İDAM VE ADALET BEKLENTİMİZ!..
- 12-10-2020 13:18
A D A L E T
Toplumu ve devleti ayakta kaim tutar,
Terazisi çok hassas en azı dahi tartar!..
MM
GÖZLÜYORUM
İDAM VE ADALET BEKLENTİMİZ!..
MEVLUT MERGEN AMİDİ
“Adalet” kavramı her toplum için ekmek kadar, su kadar hatta onlardan daha çok gereklidir, çünkü “huzur” onunla sağlanır, hiç kimsenin yaptığı yanına kar kalmaz, işlediği suçun karşılığı olan cezayı bulacağına inanan insanlar suç ve günah işlemekten ellerini çekerler, kendileri için istedikleri iyiyi, güzeli, insana saygıyı diğer insanlar için de isterler.
Ülkemizde hemen her il ve ilçede “adalet sarayları” vardır, buralara gidenler “adalet mülkün temelidir” yazısını okurlar, davacı ve davalıların uğrağıdır adalet sarayları, davacı olanlar bekledikleri kararı gördüklerinde kapıdan çıkarken “adalet yerini buldu” derler, umduğunu bulamayan bazı davacılar ise açıktan söylemeseler de içlerinden “iş başa düştü” derler ve ellerini silahlarına götürür, adaleti kendileri sağlamaya çalışırlar.
“Kan davaları” bir kişinin öldürülmesiyle başlar ve “iş başa düştü” zihniyetinin tezahürü ile daha birçok kişinin ölümünü getirir, özellikle bölgemizde çok görülür uzun yıllar sürüp giden “kan” davaları, çünkü bir türlü tatmin olmayan bir hıncın eseridir kin gütmek, bazen “araya” birileri girer, tutulan yolun yanlışlığını dile getirir ve tarafları barıştırır, sözün burasında altı yüzde fazla “kan davalı” olan aileyi barıştırmayı başaran merhum “Hacı Sait Özşanlı’yı” saygı ile anıyoruz.

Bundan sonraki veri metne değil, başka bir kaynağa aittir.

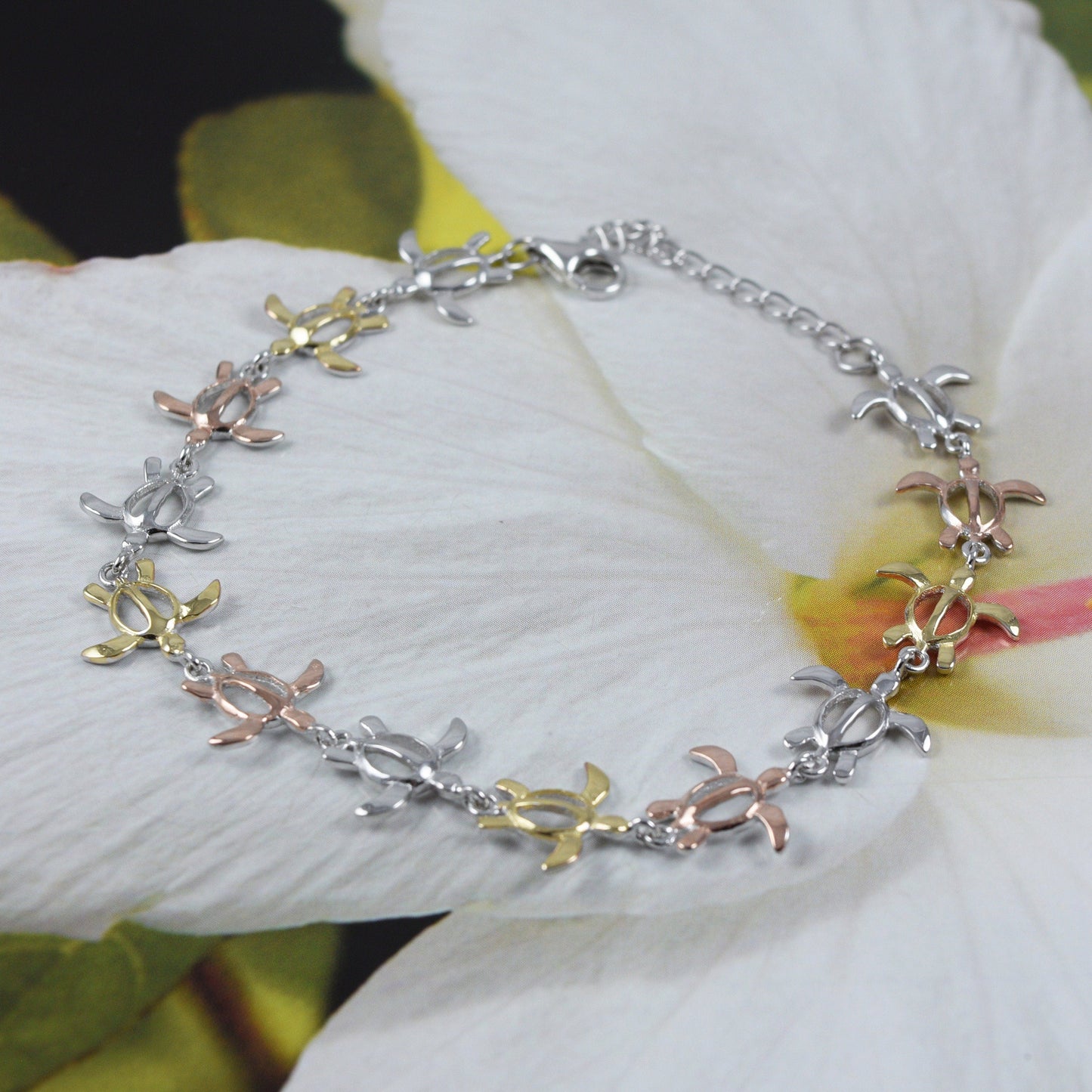 Hawaiian 3-Tone Sea Turtle Bracelet, Sterling Silver Yellow-Gold Plated Tri-color Turtle Bracelet, B3313 Birthday Mom Mother Gift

“İş başa düştü zihniyeti” daha başka durumlarda da görülür, çünkü insanlar mutlak surette adaletin tecellisini ister ve beklerler, bunu da“hemen” görmediklerinde harekete geçmekten çekinmezler, “ceza” kanunları bazen değiştirilerek daha da ağırlaştırılsa da “caydırıcı” olmazlar, cezaların mutlaka caydırıcı olması gerektiği içindir ki bazı zamanlar “idam” konusu gündeme getirilir.

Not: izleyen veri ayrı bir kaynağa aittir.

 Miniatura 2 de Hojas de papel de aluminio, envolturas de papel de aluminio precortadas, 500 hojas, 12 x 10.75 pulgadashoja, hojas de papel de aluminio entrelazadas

“İdam” caydırıcı olması bakımından en ağır cezadır, hem sonra yüreklerdeki “kin” ateşini söndürür, meşru olmayan yollardan ellerin silaha gitmesini önler İslam’da “kısas” hükmü vardır, çünkü “kısas hayattır” yani bir kişiye kısas uygulanmasından sonra birçok kişinin hayatı kurtulur, bazı durumlarda ise öldürülenin yakını “nasıl olsa benim canım yandı, başkalarının canı yanmasın” diye düşünür ve “büyüklük” göstererek hakkından feragat eder.

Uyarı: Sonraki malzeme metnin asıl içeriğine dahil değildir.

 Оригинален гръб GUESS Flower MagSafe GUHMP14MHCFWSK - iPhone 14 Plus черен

“Kul hakkı” en af edilmezdir, ta ki mağdur olan kişi hakkından feragat edip hakkını helal edinceye kadar, ceza evlerinde öylesine çoktur ki “kul” hakkına riayet etmeyip başkalarının canına kıyanlar, mallarını çalanlar, bunlar mevcut yasalara göre cezalandırılsalar da “kul hakkından” kurtulamazlar, çünkü kul hakkı ile öte aleme göçeni Allah “af” etmezken beşeri yasalar nasıl o kişiyi o günahın cezasından kurtarır?
Gerçek manada adaletin tecellisi ile toplumlarda “huzur” sağlanır, suç işlemeye niyetlenenler suçlarının karşılığı olan cezaya çarptırılacaklarına inandıklarında elleri silahlarına gitmez, kimseyi darp etmez, saygı kavramı yerleşir topluma, bugün o saygı kavramını yitirdiğimiz içindir ki, kavgalar, dövüşler, tacizler, kadın cinayetleri ve daha ne kadar çok “günah” ve “suçlar”yaşanıyor..
İdam başta olmak üzere bütün yasalarda “adalet” sağlanabilmelidir, çünkü toplumun istek ve beklentisi budur, yukarıda andığımız “adalet sarayları” da bunun için inşa edilmişlerdir.